All was going well until this past September, when Pincus was informed that he wasn’t eligible for a security clearance. The rejection was accompanied by a Statement of Reasons that concluded “foreign contacts and interests may be a security concern due to divided loyalties.”
Incredibly, the totality of the concern about Pincus was his contact with his 89-year-old mother and his middle-aged brother and sister, who had moved to Israel as adults.
The charge of “divided loyalties” has a particularly repugnant resonance to American Jews. It’s usually whispered behind closed doors, and so it’s doubly disconcerting when it is the reason given for official government action.
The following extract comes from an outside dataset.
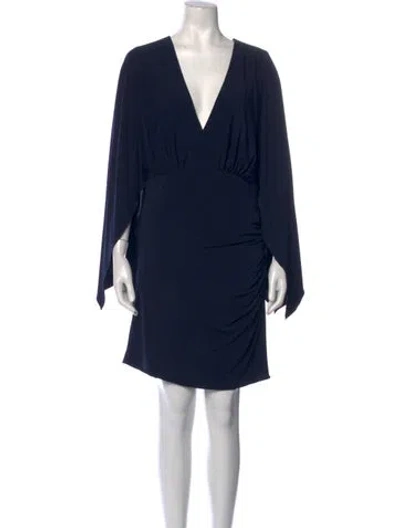 Pre-owned Halston V-neck Mini Dress In Blue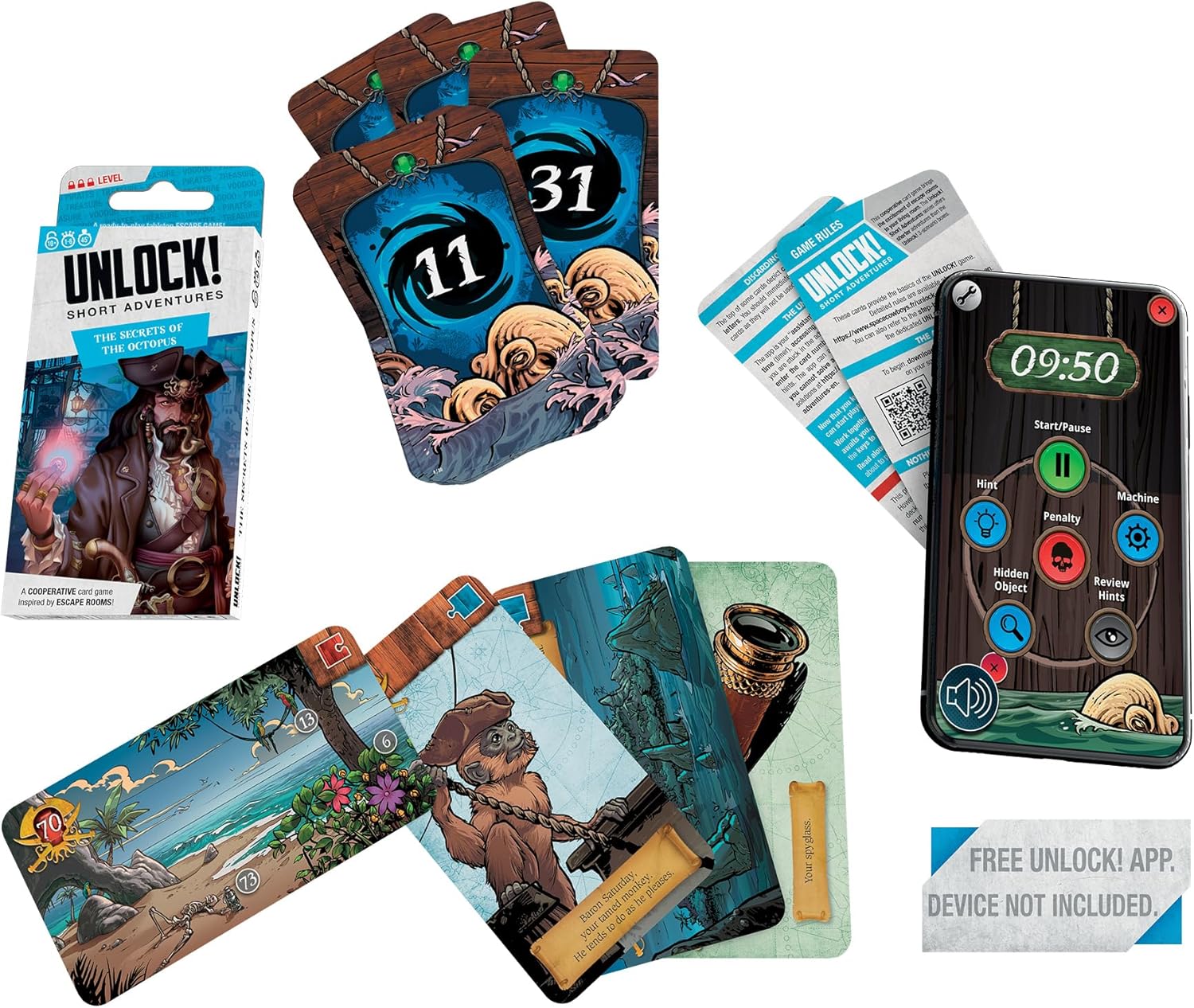 Space Cowboys Unlock! Short Adventures 6: The Secrets of The Octopus - Immersive Escape Room Card Game for Kids and Adults, Ages 10+, 1-6 Players, 45 Minute Playtime, Made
What’s worse, the local military interviewer who conducted Pincus’ background check concluded that “there is nothing in his background or character that would make him vulnerable to blackmail, extortion, coercion or duress.” But an official at Office of Personnel Management headquarters in Fort Meade directed that Pincus be re-interviewed “to develop information related to potential Foreign Influence.”
When the second interviewer reached the same conclusion as the first, the military overruled their recommendations and denied Pincus’ request for a security clearance.
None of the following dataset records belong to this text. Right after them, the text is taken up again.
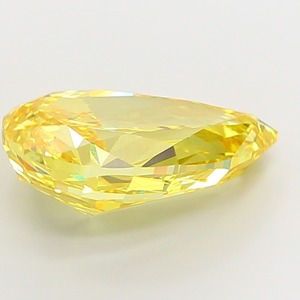 Diamant CVD cultivé en laboratoire, forme poire modifiée, 10,06 carats, clarté VS1, polissage excellent, couleur jaune vif fantaisie, pierre précieuse - Product Image 4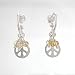 Round Peace Sign Dangle Hoop Earrings in Sterling Silver with Citrine Beads, #8374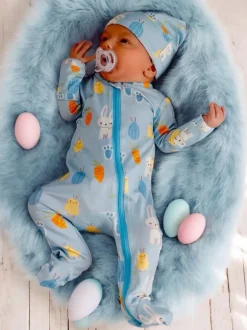 Basic 2-Way Zip Footie, Blue Easter Bunny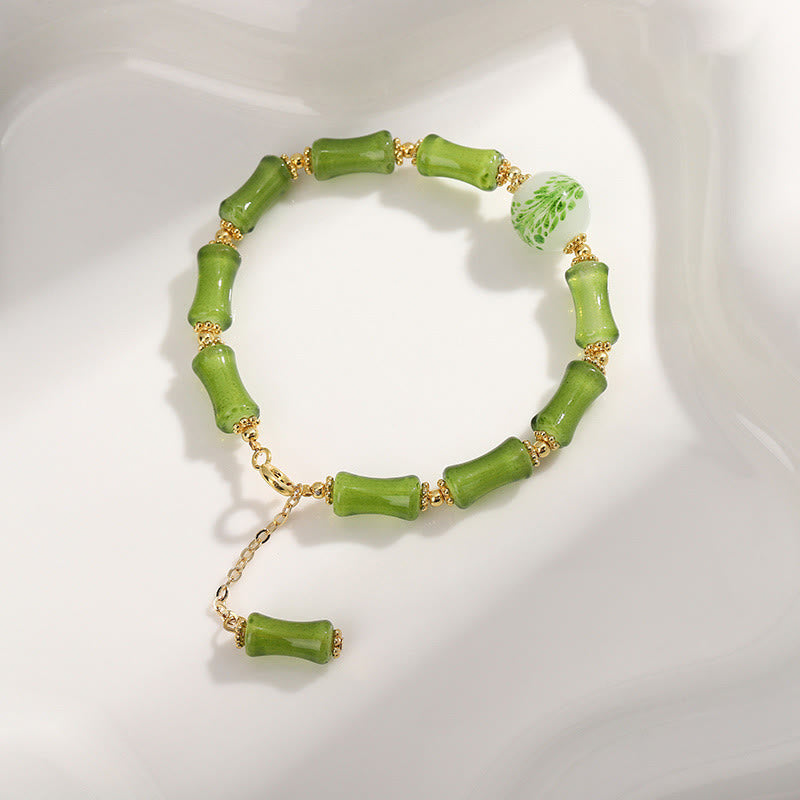 Green Bamboo Liuli Crystal Moss Agate Spiritual Bracelet for Wealth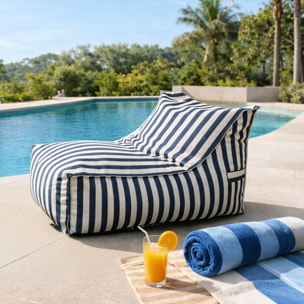 BOLOGNE Pouf d’extérieur rayé bleu déperlant - 100x65x65 cm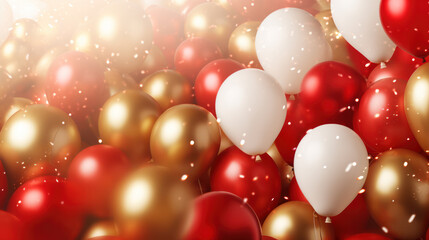 Golden and Red Balloons Background, Celebration, Festive, Birthday Party, Copy Space. Generative AI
What is most alarming about this story is how common it is. We don’t know how often the military denies security clearances, but a database cataloging the appeals brought by employees of military contractors reveals that over the past decade there have been more than 100 appeals challenging clearances denied because of tenuous ties to Israel.”
What is the basis for this? Yep, you guessed it, Jonathan Pollard. Just the same as the liberal progressive left invokes Timothy McVeigh as an example of “right wing extremism,” it appears Pollard has become the justification for these denials.
But, not for nothing — and I’m sure y’all know what I’m about to postulate — what if the same litmus test applied to, well, let’s say Muslims?
Can you imagine what would have happened if, after the friendly fire attack of one US Army SGT Hasan Akbar in 2003, there was a scrutiny of Muslims serving in the military? Oh, y’all forgot about what this fella did? Let me refresh your memory. Back in March 23, 2003 in Camp Pennsylvania in Kuwait, SGT Akbar of the 101st Airborne Division threw four hand grenades into three tents in which other members of his unit were sleeping, and fired his rifle at fellow soldiers.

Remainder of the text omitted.